Author(s) Andrew Vachss
Country United States
Language English
Genre(s) Superhero
Crime fiction
Publisher Warner Books
Publication date November 1995
Pages 196 pg
ISBN 978-0446519120

Batman: The Ultimate Evil (1995) is a novel by Andrew Vachss, a crime novelist known for focusing on child abuse in his novels.

Contents

[edit] Plot Summary

After encountering a Child Protective Services worker, Debra Kane, Batman begins investigating sex crimes against children in Gotham City. He soon discovers that his mother, Martha Wayne, had been a social worker investigating a group of child molesters and producers of child pornography. Batman also discovers evidence that the man who killed his parents was not in fact random street thug Joe Chill, but an assassin hired by these same pedophiles in order to silence Martha. In the present, after beating some information out of Gotham City's criminal element, Batman finds the same gang his mother had been investigating running sex tourism charter trips to Udon Khai, a thinly-disguised Thailand. Using the alias "Big Jack Hollister," Batman signs on as a charter trip client. Once in Udon Khai, Batman recruits some local help and swings into action against the sinister head of the sex slave organization.

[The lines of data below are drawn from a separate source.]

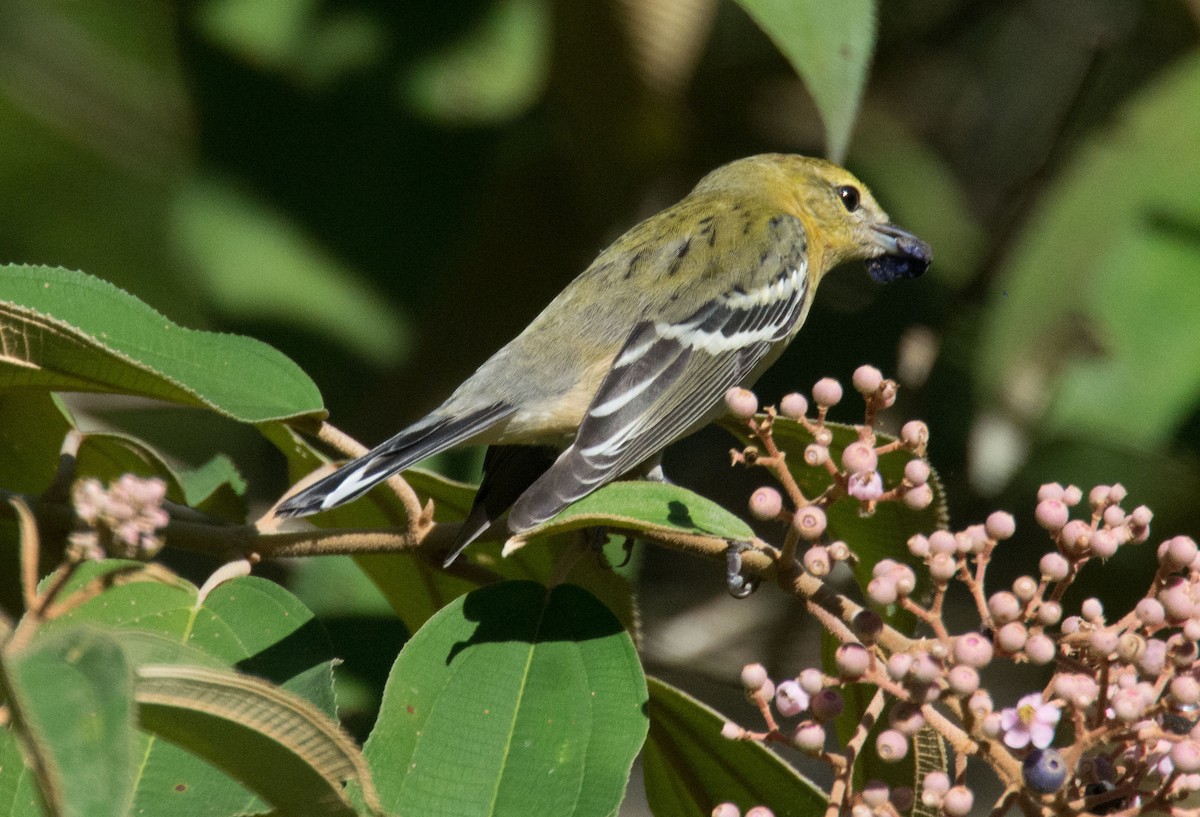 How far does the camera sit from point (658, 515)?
1.54 meters

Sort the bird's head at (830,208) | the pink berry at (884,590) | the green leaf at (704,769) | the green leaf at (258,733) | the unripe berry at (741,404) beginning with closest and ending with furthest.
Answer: the green leaf at (258,733) < the pink berry at (884,590) < the unripe berry at (741,404) < the green leaf at (704,769) < the bird's head at (830,208)

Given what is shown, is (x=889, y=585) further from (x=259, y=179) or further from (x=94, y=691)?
(x=259, y=179)

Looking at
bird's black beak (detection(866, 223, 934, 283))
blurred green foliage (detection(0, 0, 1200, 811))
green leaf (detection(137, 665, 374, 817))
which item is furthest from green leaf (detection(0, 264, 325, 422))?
bird's black beak (detection(866, 223, 934, 283))

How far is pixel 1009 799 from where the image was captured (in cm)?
132

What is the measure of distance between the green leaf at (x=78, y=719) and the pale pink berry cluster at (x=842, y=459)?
74cm

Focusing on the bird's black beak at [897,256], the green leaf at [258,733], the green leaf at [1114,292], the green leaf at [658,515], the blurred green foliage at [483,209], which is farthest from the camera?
the bird's black beak at [897,256]

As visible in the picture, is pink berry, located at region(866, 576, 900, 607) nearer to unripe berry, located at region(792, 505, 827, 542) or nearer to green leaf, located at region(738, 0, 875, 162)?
unripe berry, located at region(792, 505, 827, 542)

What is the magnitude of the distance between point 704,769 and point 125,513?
0.84 metres

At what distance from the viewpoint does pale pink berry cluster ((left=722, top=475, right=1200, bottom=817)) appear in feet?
4.25

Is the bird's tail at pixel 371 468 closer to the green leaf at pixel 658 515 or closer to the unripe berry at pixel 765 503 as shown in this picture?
the green leaf at pixel 658 515

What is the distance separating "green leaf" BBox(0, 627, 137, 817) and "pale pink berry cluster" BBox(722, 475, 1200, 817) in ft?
2.30

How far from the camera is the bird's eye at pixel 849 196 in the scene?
11.1ft

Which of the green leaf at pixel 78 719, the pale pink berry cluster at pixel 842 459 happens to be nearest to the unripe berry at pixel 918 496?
the pale pink berry cluster at pixel 842 459

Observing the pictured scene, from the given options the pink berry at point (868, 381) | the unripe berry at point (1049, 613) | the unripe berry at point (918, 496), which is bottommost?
the unripe berry at point (1049, 613) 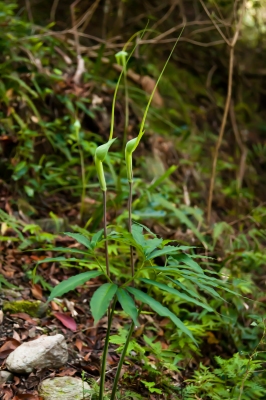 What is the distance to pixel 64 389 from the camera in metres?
1.80

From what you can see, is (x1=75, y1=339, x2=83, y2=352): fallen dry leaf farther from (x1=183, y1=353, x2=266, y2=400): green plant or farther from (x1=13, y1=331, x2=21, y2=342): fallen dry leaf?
(x1=183, y1=353, x2=266, y2=400): green plant

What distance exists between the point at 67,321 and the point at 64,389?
0.51 m

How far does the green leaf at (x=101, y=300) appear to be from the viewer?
1.19 m

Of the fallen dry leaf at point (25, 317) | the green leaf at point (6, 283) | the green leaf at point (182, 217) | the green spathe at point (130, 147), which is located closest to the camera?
the green spathe at point (130, 147)

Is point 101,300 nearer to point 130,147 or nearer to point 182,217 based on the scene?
point 130,147

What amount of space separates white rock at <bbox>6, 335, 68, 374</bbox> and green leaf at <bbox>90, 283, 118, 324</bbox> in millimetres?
703

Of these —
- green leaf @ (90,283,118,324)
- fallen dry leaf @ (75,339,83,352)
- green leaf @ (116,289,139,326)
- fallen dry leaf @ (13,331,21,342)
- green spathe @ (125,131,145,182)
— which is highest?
green spathe @ (125,131,145,182)

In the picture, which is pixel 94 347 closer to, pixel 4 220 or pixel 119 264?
pixel 119 264

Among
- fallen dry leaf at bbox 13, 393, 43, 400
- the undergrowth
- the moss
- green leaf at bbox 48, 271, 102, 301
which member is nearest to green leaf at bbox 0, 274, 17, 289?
the undergrowth

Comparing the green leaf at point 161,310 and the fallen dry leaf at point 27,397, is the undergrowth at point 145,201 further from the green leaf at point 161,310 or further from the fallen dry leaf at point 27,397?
the fallen dry leaf at point 27,397

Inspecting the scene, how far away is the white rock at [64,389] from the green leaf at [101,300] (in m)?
0.63

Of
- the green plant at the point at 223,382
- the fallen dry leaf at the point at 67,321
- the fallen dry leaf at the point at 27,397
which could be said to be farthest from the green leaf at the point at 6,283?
the green plant at the point at 223,382

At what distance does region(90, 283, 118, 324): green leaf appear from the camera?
1189 mm

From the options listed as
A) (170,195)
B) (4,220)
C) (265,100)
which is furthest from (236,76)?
(4,220) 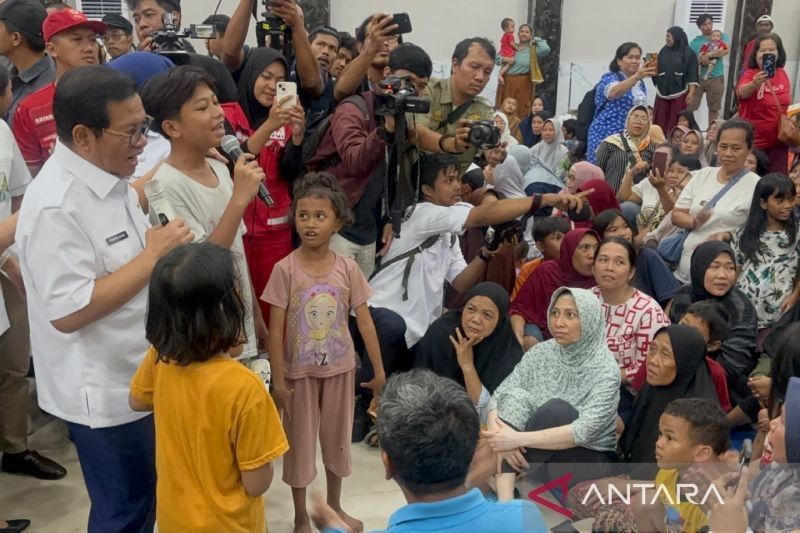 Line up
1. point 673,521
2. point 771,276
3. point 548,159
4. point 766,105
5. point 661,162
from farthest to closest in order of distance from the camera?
1. point 548,159
2. point 766,105
3. point 661,162
4. point 771,276
5. point 673,521

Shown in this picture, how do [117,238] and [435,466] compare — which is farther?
[117,238]

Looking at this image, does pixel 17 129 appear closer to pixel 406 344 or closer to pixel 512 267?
pixel 406 344

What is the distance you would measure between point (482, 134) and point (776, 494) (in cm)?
163

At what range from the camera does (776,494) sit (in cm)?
188

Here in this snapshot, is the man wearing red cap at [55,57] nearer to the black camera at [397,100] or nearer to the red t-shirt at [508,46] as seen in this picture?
the black camera at [397,100]

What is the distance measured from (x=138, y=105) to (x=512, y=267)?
2335 millimetres

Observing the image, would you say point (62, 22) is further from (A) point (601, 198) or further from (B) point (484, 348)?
(A) point (601, 198)

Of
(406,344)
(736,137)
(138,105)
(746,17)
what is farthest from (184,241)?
(746,17)

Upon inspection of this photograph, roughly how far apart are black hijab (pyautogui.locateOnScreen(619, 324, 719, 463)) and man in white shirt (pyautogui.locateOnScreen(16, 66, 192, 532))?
1751mm

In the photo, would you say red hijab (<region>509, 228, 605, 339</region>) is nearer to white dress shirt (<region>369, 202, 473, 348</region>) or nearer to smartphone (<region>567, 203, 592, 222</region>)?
smartphone (<region>567, 203, 592, 222</region>)

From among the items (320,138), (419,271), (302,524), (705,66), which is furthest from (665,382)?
(705,66)

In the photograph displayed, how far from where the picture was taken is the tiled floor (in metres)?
2.72

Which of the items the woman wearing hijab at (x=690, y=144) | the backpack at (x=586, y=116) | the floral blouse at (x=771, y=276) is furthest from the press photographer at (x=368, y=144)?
the backpack at (x=586, y=116)

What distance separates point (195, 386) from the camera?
5.52 ft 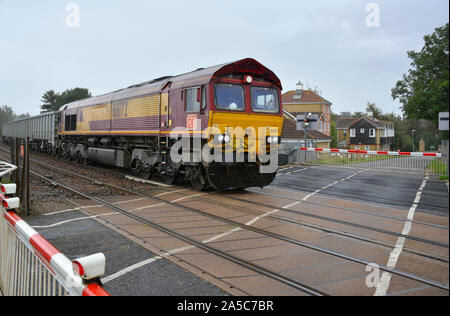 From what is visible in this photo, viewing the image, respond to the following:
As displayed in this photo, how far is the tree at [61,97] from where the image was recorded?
75.3 metres

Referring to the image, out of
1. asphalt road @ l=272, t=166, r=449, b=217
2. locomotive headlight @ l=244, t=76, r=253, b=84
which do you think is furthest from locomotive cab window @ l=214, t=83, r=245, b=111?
asphalt road @ l=272, t=166, r=449, b=217

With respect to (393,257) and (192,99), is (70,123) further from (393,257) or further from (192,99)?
(393,257)

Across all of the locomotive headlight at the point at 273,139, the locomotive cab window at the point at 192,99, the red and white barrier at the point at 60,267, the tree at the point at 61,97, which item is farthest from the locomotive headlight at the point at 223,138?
the tree at the point at 61,97

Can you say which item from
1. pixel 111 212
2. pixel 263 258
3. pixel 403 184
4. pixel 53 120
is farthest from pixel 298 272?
pixel 53 120

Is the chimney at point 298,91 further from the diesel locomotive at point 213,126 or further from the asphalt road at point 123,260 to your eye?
the asphalt road at point 123,260

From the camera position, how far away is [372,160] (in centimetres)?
1817

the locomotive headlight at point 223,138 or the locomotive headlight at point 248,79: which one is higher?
the locomotive headlight at point 248,79

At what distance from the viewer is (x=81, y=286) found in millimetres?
2219

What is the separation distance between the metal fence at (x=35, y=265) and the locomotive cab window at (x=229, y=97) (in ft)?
23.5

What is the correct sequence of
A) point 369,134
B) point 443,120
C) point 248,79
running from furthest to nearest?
point 369,134 → point 248,79 → point 443,120

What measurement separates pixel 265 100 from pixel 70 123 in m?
17.1

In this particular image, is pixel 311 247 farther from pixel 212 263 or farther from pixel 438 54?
pixel 438 54

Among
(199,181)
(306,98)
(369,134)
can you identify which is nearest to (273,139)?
(199,181) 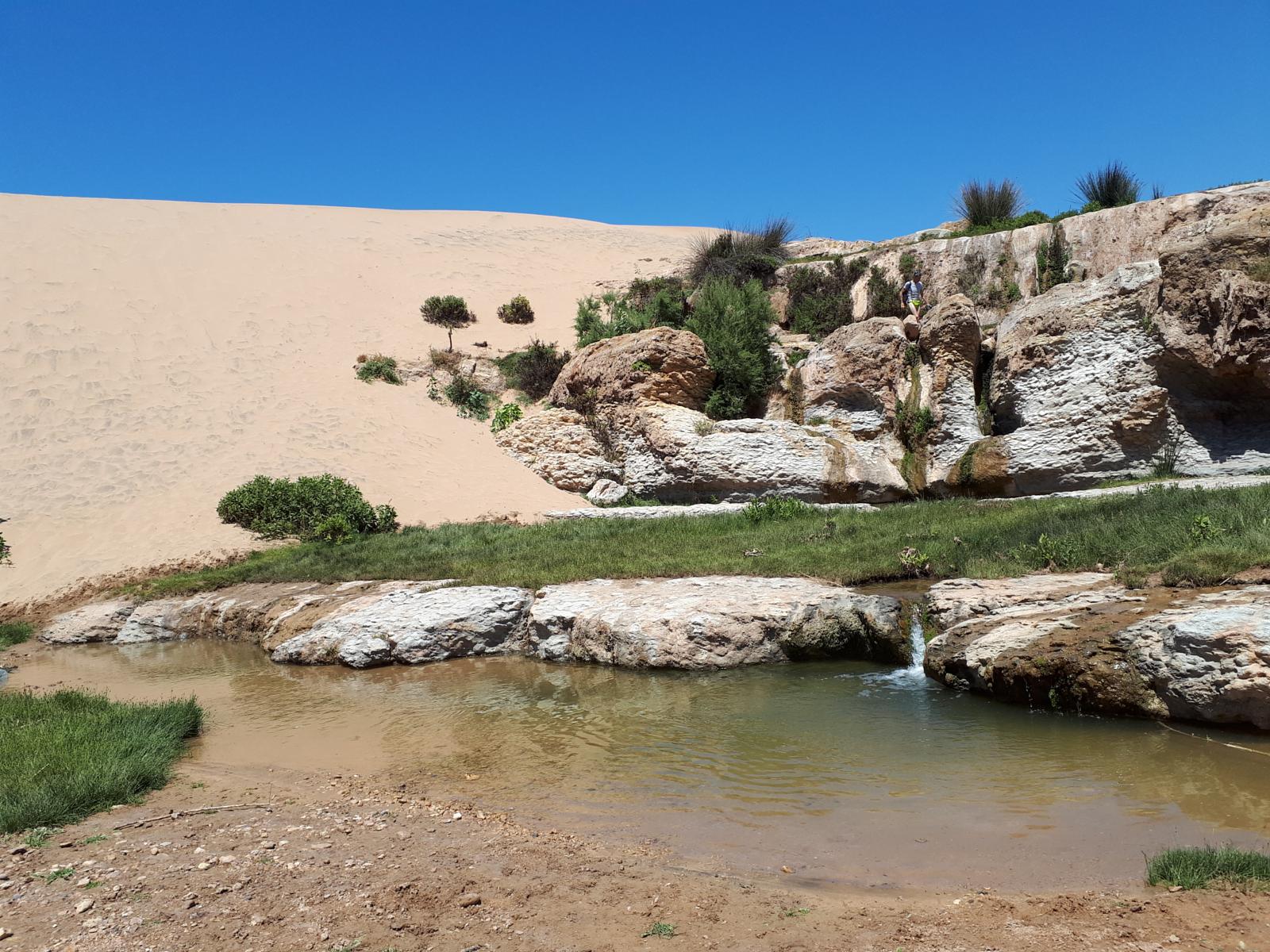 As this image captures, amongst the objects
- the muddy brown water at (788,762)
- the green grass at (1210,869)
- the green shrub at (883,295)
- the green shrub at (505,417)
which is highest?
the green shrub at (883,295)

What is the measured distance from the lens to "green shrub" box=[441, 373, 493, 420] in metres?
22.5

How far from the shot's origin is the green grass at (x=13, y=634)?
11.6 m

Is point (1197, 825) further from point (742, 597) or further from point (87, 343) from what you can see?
point (87, 343)

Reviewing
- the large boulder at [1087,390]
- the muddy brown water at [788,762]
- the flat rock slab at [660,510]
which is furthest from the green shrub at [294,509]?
the large boulder at [1087,390]

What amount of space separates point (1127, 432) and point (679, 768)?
1307 cm

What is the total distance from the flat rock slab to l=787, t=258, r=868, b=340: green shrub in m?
7.66

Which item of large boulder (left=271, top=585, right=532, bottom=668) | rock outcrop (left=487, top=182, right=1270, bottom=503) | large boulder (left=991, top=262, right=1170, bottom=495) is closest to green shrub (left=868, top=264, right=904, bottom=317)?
rock outcrop (left=487, top=182, right=1270, bottom=503)

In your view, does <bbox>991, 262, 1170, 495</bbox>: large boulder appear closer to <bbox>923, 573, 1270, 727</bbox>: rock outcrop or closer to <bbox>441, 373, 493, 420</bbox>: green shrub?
<bbox>923, 573, 1270, 727</bbox>: rock outcrop

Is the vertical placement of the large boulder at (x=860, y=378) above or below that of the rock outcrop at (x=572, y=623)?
above

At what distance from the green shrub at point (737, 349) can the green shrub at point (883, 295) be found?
311 centimetres

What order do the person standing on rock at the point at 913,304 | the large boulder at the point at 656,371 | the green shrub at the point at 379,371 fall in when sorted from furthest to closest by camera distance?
the green shrub at the point at 379,371, the large boulder at the point at 656,371, the person standing on rock at the point at 913,304

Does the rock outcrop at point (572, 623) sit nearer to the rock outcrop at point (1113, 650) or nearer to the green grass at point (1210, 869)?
the rock outcrop at point (1113, 650)

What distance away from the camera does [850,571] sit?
373 inches

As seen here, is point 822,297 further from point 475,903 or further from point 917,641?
point 475,903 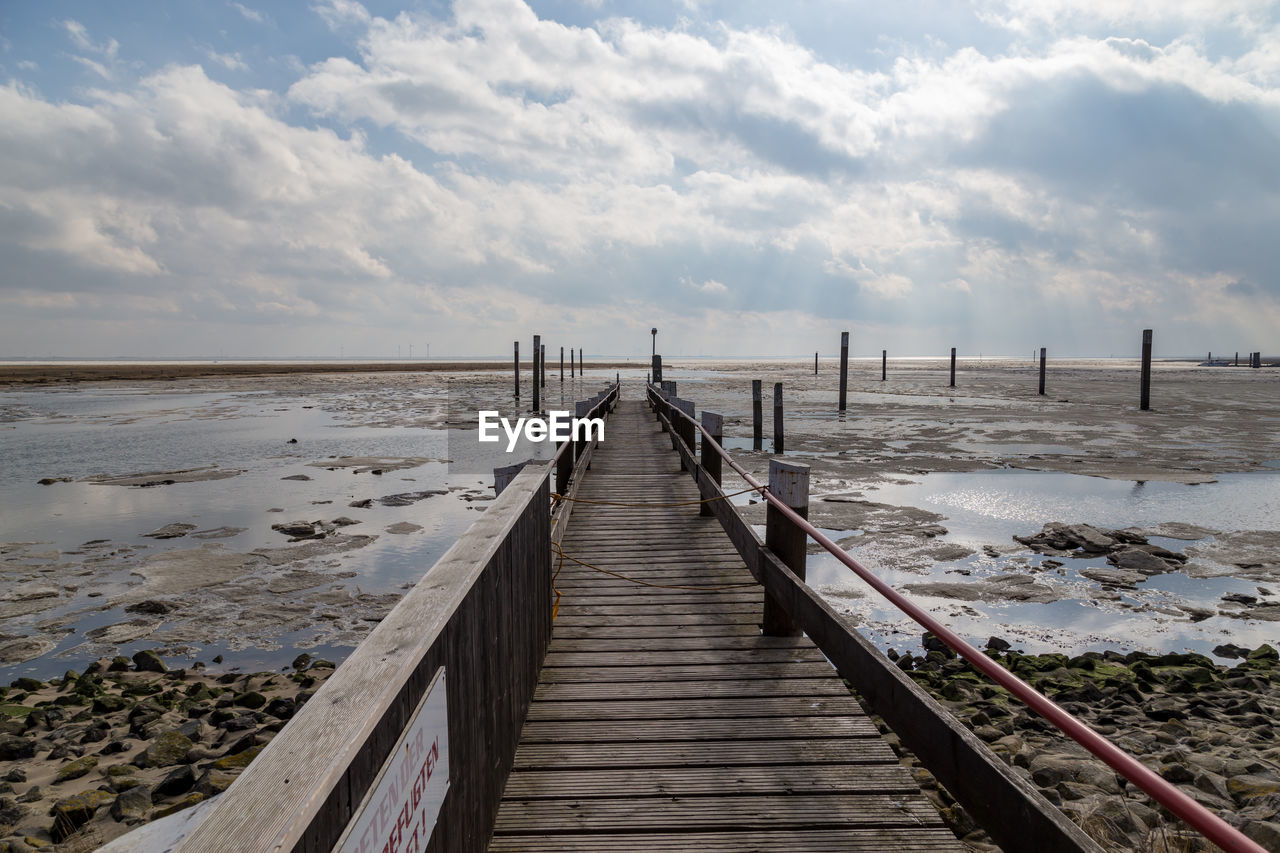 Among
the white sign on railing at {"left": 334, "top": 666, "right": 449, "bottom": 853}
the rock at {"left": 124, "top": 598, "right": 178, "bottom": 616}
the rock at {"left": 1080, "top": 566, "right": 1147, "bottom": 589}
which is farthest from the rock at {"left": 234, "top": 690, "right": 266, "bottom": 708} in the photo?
the rock at {"left": 1080, "top": 566, "right": 1147, "bottom": 589}

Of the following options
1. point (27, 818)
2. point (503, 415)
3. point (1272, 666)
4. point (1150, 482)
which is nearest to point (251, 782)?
point (27, 818)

Eventually, Batman helps the locals bring the gangster to justice. After Wayne returns to Gotham City, Debra Kane becomes one of Batman's informants to alert him to child exploiters. As Batman tracks down and attacks one such criminal to rescue his victim, he dedicates this expanded aspect of his war on crime to his mother.

[edit] Background

Udon Khai is "a thinly-disguised reference to Thailand" and Vachss wrote the book to specifically address the issue of the Thai child sex trade.[1] The novel was released during the period of the Don't! Buy! Thai! boycott. This grassroots campaign encouraged people to boycott all products of Thailand until the Thai government effectively addressed the rampant prevalence of prostituted children that had been present in that country for years and catered to prosperous foreign tourists. One result of this trade is that many poor children became HIV-positive; eventually, most developed AIDS. An appendix to the novel, written by investigative journalist and child protection advocate David Hechler, discusses the sex trade, the foreign firms that profit from it, and the Don't! Buy! Thai! boycott.

[edit] Adaptation

The novel was also adapted into a two-volume graphic novel, released by DC Comics in 1995, scripted by Neal Barrett, Jr. and with art by Denys Cowan and Prentis Rollins.